**TASK OBJECTIVE:**
Only the lines below from the one that holds "Volkswagen Touareg III, 2013" through the one that holds "Single Family Residence" should appear in the answer, copied exactly, end lines included and pictures omitted.

**EXERCISE MATERIAL:**
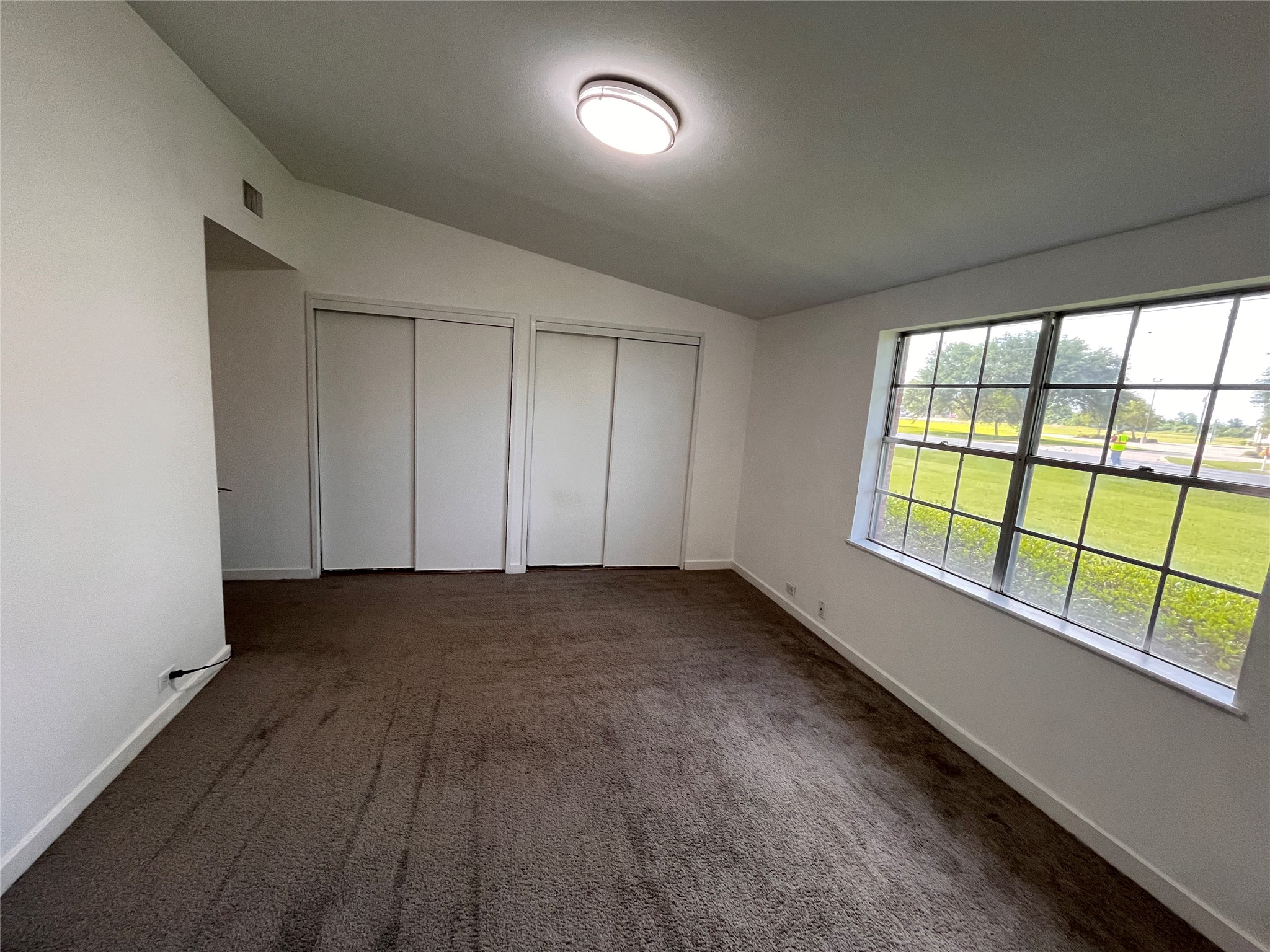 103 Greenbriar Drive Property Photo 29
==
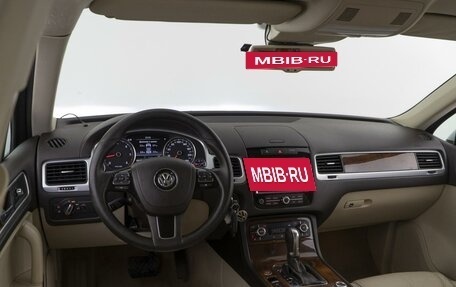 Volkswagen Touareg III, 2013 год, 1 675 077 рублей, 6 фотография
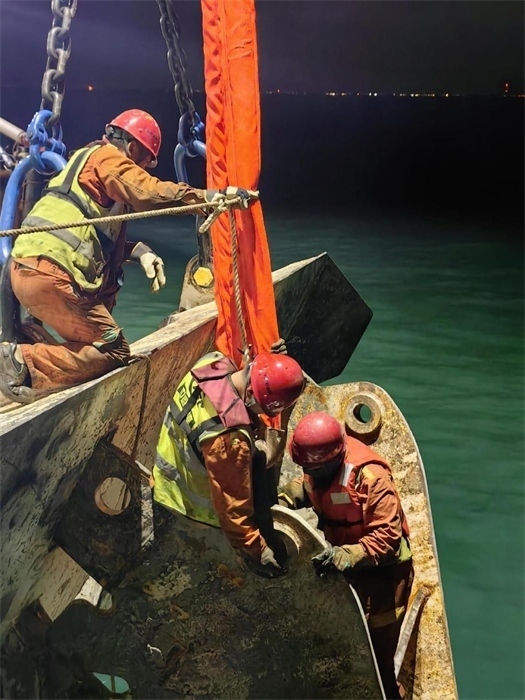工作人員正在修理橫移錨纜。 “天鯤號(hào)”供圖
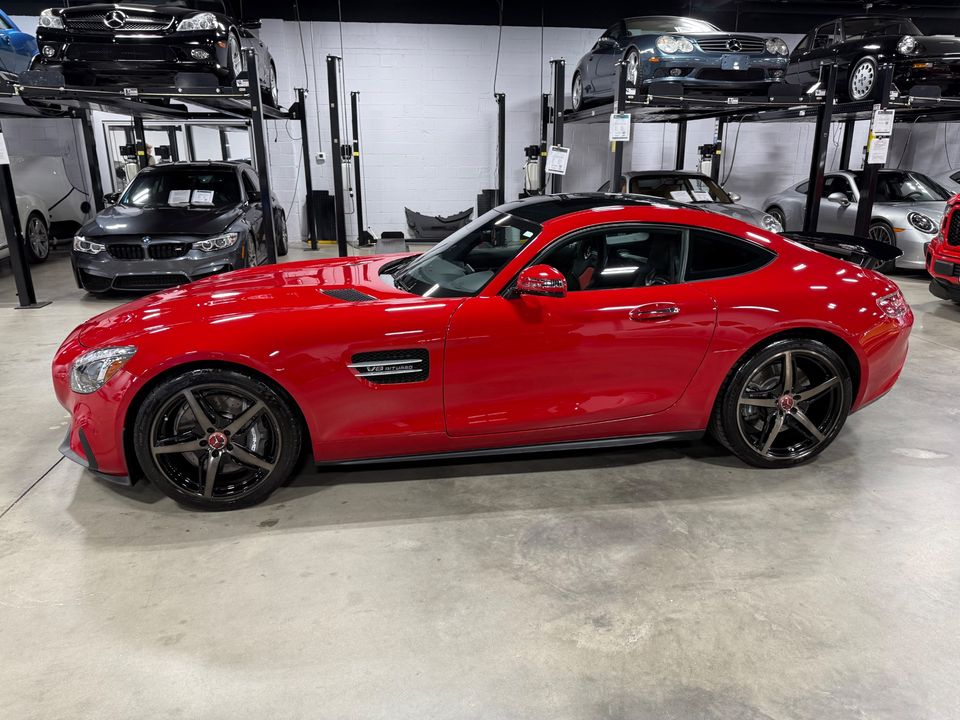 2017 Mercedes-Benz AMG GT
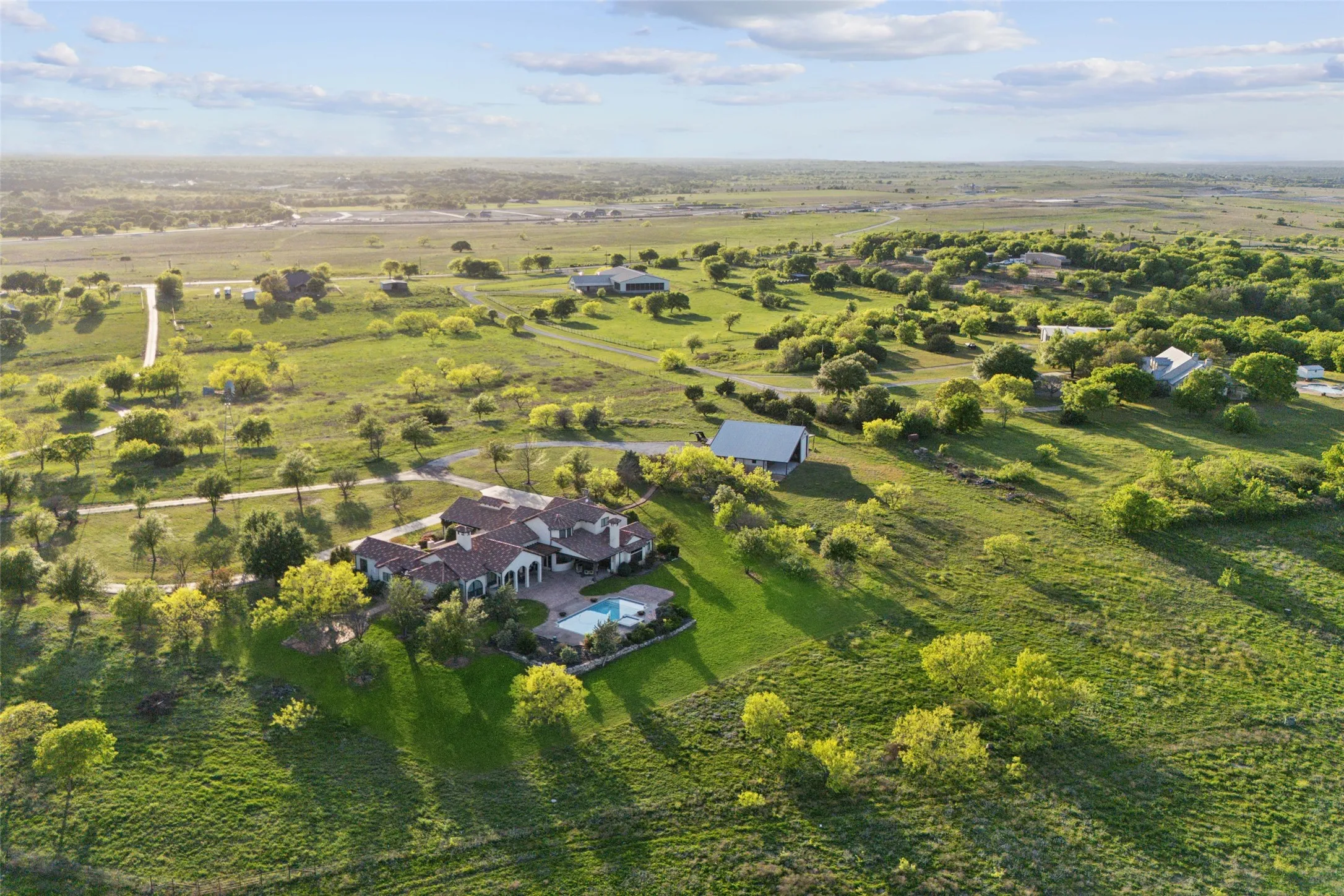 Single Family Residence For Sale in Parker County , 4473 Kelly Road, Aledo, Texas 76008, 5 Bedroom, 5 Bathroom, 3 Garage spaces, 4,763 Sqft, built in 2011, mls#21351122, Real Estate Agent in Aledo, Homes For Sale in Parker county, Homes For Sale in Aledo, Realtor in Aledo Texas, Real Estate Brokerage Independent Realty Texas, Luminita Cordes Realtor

**YOUR RESPONSE:**
 Volkswagen Touareg III, 2013 год, 1 675 077 рублей, 6 фотография
工作人員正在修理橫移錨纜。 “天鯤號(hào)”供圖
 2017 Mercedes-Benz AMG GT
 Single Family Residence For Sale in Parker County , 4473 Kelly Road, Aledo, Texas 76008, 5 Bedroom, 5 Bathroom, 3 Garage spaces, 4,763 Sqft, built in 2011, mls#21351122, Real Estate Agent in Aledo, Homes For Sale in Parker county, Homes For Sale in Aledo, Realtor in Aledo Texas, Real Estate Brokerage Independent Realty Texas, Luminita Cordes Realtor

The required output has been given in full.